THE NUMBER of low-income people will increase by 68,000 in 2024 as a result of the social security cuts and other cost-saving measures laid out by the government of Prime Minister Petteri Orpo (NCP), estimates the Finnish Federation for Social Affairs and Health (Soste).
Finland would thereby be home to around 808,500 low-income people at the end of next year.
The increase is projected to be the most noticeable in Uusimaa, the most populous region of Finland. There, the number of low-income people is to jump by nearly 13 per cent year-on-year to 203,800.
A consequence of more people sliding into lower income brackets is growing demand for income assistance, according to Soste. Its estimate indicates that around 65,000 new people will apply for income assistance in Finland in 2024.
“Alongside the cuts in social security, there is significant cost-saving pressure on the social and health care services of well-being services counties. Increasing poverty and demand for income assistance at the same time as you undermine social and health care services is a terribly bad equation,” Anna Järvinen, a senior expert at Soste, commented in a press release on Tuesday.

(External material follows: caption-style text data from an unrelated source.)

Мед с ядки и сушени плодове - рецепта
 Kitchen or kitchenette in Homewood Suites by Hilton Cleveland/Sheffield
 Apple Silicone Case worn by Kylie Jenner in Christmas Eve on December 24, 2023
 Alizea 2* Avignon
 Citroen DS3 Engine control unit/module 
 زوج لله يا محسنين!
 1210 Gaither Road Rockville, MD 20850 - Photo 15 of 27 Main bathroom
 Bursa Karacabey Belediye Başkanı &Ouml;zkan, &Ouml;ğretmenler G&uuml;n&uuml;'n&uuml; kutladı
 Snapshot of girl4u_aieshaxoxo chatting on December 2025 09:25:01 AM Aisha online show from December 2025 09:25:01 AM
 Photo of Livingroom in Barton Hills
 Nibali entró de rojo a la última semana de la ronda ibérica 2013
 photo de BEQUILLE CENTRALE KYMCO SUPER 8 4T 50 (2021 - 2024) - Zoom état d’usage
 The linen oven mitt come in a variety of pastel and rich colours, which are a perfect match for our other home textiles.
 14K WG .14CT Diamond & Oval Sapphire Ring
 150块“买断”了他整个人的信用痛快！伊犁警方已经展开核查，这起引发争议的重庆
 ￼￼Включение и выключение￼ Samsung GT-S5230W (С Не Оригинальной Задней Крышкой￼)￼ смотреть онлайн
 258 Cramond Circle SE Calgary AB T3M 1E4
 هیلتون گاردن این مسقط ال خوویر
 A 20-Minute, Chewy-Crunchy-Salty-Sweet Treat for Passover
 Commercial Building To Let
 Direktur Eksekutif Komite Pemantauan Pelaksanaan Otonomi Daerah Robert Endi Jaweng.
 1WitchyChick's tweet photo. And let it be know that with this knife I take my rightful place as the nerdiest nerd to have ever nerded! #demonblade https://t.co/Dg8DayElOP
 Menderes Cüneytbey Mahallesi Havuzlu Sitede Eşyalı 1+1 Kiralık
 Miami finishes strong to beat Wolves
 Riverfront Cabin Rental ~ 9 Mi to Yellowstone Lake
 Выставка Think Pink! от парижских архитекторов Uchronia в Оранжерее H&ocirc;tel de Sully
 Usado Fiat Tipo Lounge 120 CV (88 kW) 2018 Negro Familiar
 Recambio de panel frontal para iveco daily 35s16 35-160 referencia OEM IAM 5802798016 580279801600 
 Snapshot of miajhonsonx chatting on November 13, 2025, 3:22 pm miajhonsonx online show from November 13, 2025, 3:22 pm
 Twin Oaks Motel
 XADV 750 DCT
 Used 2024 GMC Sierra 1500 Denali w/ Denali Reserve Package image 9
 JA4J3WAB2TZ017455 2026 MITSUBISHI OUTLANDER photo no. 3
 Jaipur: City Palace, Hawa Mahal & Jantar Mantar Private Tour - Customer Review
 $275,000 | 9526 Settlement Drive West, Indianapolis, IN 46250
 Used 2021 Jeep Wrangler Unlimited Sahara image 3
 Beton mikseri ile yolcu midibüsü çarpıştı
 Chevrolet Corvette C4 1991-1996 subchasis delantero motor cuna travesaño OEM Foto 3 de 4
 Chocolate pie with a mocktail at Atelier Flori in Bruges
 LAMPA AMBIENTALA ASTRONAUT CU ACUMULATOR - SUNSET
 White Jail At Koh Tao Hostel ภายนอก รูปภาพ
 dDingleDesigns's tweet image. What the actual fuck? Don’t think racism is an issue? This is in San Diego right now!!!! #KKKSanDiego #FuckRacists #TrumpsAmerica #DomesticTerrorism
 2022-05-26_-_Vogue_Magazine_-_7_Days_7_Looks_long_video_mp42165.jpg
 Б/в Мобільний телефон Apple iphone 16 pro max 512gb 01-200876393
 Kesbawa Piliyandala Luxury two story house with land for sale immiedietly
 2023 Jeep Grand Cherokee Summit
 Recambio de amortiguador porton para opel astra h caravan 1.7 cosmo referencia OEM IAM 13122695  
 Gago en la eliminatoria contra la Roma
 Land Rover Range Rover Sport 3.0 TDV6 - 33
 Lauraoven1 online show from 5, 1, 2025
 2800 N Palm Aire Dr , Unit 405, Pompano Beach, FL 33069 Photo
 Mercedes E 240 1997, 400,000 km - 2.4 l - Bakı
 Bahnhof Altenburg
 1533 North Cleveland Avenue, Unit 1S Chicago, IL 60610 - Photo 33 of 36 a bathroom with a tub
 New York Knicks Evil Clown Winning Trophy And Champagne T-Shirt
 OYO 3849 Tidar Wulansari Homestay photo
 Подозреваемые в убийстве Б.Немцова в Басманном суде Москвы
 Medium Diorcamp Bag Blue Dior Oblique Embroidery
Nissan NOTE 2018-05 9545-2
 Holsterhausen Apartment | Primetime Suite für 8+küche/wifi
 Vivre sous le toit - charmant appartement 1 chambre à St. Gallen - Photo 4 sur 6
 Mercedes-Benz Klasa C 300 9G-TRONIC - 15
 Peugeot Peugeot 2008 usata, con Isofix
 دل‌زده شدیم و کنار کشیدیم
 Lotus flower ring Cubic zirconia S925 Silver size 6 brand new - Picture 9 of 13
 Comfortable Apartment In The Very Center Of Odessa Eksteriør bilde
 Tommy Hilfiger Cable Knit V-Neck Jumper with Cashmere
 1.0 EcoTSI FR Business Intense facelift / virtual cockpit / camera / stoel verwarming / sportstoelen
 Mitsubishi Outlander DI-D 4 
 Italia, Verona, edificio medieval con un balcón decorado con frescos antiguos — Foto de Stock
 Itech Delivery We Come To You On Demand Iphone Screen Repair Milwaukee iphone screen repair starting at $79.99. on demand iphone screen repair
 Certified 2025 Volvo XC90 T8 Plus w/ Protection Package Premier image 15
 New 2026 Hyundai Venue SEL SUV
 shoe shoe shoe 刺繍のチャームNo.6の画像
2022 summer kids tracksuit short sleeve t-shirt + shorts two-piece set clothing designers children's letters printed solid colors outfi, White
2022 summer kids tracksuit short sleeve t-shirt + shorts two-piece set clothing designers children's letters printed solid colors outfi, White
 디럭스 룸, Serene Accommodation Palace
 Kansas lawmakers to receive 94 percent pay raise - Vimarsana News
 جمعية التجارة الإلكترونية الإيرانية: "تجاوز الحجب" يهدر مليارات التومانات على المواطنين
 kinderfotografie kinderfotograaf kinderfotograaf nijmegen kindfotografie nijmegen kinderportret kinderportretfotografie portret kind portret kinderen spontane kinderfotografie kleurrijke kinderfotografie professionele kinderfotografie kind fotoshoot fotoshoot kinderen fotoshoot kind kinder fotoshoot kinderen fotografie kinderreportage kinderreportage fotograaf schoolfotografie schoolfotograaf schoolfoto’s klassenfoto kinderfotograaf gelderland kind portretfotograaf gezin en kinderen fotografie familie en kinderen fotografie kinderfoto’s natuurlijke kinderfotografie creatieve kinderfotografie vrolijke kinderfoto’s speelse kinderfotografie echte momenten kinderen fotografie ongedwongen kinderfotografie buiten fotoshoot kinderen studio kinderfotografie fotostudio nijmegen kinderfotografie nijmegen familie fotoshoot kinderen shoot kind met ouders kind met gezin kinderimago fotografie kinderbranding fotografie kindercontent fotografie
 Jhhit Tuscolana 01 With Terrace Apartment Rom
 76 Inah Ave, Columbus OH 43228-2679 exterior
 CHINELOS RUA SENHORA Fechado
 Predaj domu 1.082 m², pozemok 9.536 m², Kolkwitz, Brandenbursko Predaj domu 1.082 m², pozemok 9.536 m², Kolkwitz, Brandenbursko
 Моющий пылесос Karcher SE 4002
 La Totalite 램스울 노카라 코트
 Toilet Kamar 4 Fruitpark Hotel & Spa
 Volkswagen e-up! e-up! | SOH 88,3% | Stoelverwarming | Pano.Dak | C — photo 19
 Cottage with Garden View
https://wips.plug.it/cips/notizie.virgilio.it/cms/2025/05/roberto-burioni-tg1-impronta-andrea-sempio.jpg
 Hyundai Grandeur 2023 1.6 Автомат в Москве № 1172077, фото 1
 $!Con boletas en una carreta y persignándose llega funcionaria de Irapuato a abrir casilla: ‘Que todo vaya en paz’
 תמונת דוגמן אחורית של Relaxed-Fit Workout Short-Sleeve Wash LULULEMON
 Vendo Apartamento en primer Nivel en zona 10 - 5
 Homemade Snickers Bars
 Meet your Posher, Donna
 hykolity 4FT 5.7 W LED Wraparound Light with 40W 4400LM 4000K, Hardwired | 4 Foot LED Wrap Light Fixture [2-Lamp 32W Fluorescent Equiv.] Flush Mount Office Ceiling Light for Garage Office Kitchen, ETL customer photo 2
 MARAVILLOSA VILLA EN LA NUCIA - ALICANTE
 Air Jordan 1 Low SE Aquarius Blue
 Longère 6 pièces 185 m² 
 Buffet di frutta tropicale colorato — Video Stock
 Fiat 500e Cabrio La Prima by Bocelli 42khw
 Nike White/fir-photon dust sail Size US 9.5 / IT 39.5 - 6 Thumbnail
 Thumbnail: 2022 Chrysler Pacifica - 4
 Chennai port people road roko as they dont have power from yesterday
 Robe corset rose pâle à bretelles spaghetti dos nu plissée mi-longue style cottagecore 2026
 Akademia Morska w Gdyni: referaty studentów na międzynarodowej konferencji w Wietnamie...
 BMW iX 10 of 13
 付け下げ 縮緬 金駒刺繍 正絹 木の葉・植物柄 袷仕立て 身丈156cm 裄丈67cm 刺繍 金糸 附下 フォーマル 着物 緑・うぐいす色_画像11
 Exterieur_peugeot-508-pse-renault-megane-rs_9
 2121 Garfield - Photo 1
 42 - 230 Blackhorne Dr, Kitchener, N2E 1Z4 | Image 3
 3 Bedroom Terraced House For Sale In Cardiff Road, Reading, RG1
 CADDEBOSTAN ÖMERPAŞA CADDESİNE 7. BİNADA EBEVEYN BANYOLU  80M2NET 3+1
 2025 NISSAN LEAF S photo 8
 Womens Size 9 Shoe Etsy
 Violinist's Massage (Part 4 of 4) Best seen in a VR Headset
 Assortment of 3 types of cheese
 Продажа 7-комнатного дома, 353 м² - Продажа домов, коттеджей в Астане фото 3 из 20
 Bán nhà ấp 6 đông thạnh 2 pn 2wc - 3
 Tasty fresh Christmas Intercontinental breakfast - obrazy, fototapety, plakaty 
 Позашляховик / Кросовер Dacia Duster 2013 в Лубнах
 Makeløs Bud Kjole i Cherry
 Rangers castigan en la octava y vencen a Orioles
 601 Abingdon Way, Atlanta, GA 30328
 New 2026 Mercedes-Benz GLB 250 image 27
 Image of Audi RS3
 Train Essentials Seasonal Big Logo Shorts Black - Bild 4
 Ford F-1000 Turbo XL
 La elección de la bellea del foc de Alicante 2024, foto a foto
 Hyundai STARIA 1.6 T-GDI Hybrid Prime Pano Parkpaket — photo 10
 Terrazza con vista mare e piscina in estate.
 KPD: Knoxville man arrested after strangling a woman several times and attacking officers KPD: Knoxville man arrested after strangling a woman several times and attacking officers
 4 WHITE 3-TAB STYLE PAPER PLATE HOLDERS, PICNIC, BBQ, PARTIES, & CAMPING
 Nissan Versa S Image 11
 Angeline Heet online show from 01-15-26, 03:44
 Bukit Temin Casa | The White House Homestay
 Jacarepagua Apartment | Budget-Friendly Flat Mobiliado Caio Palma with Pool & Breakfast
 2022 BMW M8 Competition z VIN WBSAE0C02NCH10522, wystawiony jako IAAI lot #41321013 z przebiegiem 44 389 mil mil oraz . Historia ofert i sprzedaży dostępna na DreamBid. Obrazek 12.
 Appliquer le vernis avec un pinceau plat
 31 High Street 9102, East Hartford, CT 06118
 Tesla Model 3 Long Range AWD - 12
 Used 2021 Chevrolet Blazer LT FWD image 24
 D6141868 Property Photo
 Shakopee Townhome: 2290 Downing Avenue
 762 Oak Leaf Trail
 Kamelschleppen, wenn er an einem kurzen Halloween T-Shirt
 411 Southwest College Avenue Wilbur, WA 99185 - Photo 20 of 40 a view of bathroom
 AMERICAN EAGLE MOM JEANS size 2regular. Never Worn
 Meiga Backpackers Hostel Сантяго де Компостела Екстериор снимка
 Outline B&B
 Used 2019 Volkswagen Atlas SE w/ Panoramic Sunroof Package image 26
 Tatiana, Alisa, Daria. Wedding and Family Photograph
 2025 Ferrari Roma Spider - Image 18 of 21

The calculations indicate that also child poverty will increase as a consequence of the cost-saving measures, with children making up 16,700 of the increase in low-income people.
“A family’s poverty can have a long-reaching impact on the life of a young person. Thereby the current income problems of these families will also inflict costs on society long into the future,” reminded Järvinen.
A low-income person is defined in the forecast as someone with less than 60 per cent of the median income in disposable income. Statistics Finland has adopted a similar definition, with its latest data showing that there were around 718,700 low-income people in Finland in 2021.
Soste on Tuesday said its calculations approximate the effects of the spending cuts and cost-saving measures pursued by the government, including the changes to be made to income tax rates, housing support and unemployment security in 2024. The calculations also take into consideration the plan to freeze the cost of living-based increases in some social security benefits.